Com grande êxito, Lumet consegue trazer à narrativa de “Assassinato no Expresso do Oriente” uma das reinterpretações mais fantásticas que a literatura já pôde desfrutar na sétima arte. Para isso, também contribui um elenco recheado de estrelas, que inclui nomes como Ingrid Bergman, ganhadora do Oscar de Melhor Atriz Coadjuvante pelo papel de Greta Ohlsson, Lauren Bacall, Sean Connery, Anthony Perkins, Jacqueline Bisset, Vanessa Redgrave e Albert Finney, este último indicado ao Oscar de Melhor Ator pela interpretação como Poirot.
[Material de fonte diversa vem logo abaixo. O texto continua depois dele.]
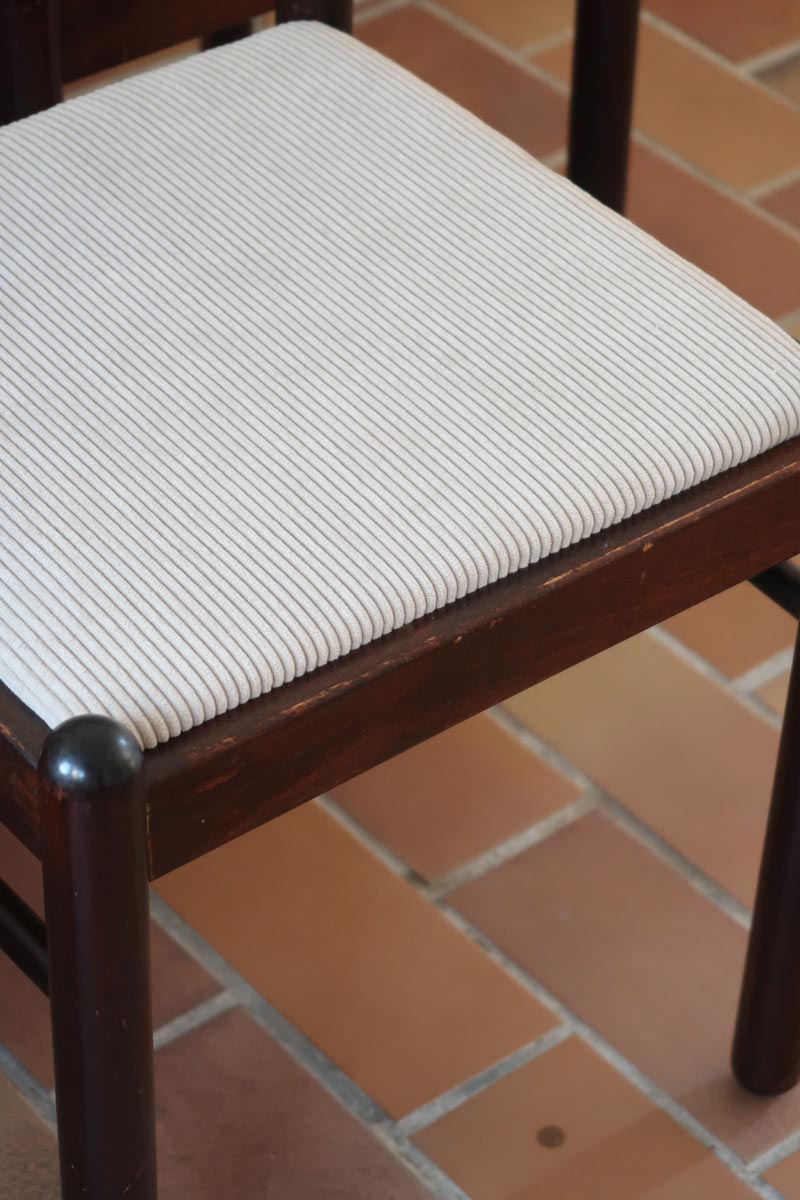 Lot de six chaises vintage en chêne massif teinté foncé avec assise en tissu clair à fines rayures, au design épuré et intemporel, présentées seules et en mise en situation.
O longa também recebeu indicações à estatueta dourada nas categorias de Roteiro Adaptado, Fotografia, Figurino e Trilha Sonora.

Morte Sobre o Nilo (1978)

Logo depois que “O Assassinato do Expresso do Oriente” fora sucesso de público e crítica em 1974, o interesse por novas adaptações da obra de Agatha Christie prosseguiu ao longo da década. Dessa forma, “Morte Sobre o Nilo” chegou às telonas no final dos anos 1970, dessa vez com Peter Ustinov como Hercule Poirot, personagem que o ator interpretaria ainda outras seis vezes. Trazendo nomes como Bette Davis, Mia Farrow, Angela Lansbury – que, curiosamente, viveria Miss Marple em “A Maldição do Espelho” (1980) – e Maggie Smith, o longa, dirigido por John Guillermin (“Inferno na Torre”), acabou não colhendo os mesmos louros do filme anterior, mas, em compensação, proporcionou uma interessante sinergia entre seu elenco e uma história simples e bastante divertida. A produção, que ganhou o Oscar de Melhor Figurino, ganhará uma nova versão nos cinemas em breve.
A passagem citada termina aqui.